In connection with the evaluation of these strategic alternatives, Valero took a combined pre-tax impairment charge of $1.1 billion for its California operations. The impairment was recorded for the Benicia and Wilmington refineries and is expected to be treated as a special item and excluded from the adjusted earnings for the first quarter of 2025. Also included in this amount is the recognition of expected asset retirement obligations of $337 million as of March 31, 2025, Valero said in a statement.
“We understand the impact that this may have on our employees, business partners, and community, and will continue to work with them through this period,” said Lane Riggs, Chairman, CEO and President of Valero.

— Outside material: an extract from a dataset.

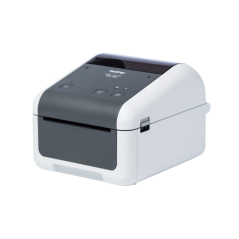 Imprimante d'étiquettes thermique USB Brother TD-4215D - Résolution 203 ppp - Vitesse d'impression 152,4 mm/s - Blanc/Gris
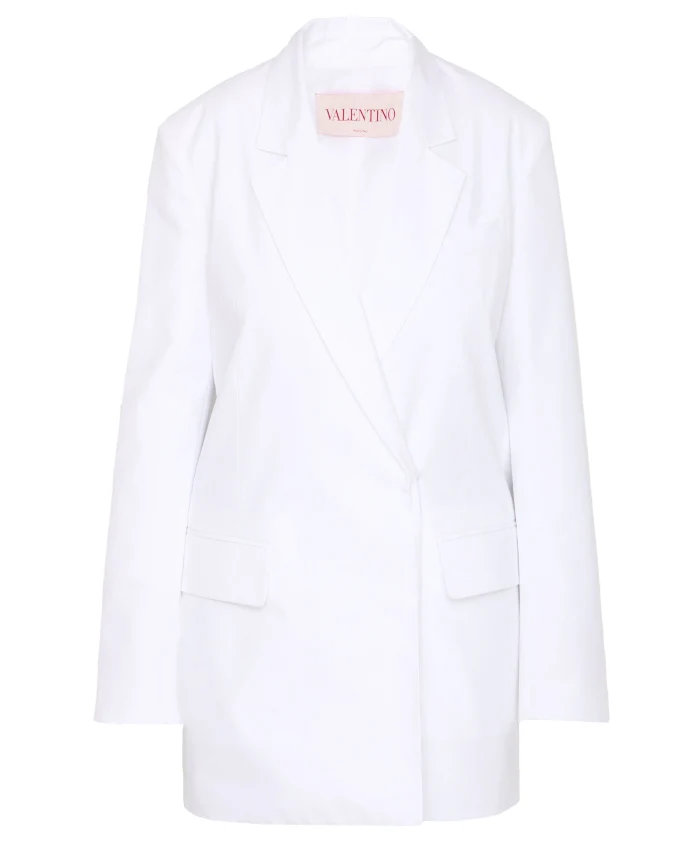 WHITE COTTON BLAZER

Valero’s Benicia refinery, northeast of San Francisco, has a throughput capacity of 170,000 barrels per day (bpd), while the Wilmington refinery in the area of Los Angeles has a throughput capacity of 135,000 bpd.
Valero’s decision to shut one of its two refineries in California comes on the heels of other refinery closures in the state, which is pursuing increased regulation on emissions and the sale of gasoline vehicles.
In one of the most recent closures, Phillips 66 announced the closure of a refinery in the Los Angeles area. The refiner cited uncertain long-term sustainability of the Los Angeles Refinery affected by market dynamics.
The Energy Information Administration (EIA) expects U.S. refinery capacity to be 17.9 million bpd at the end of 2025, about 3% less than at the beginning of this year, with LyondellBasell’s Houston oil refinery closing, and the Los Angeles refinery of Phillips 66 shutting down operations.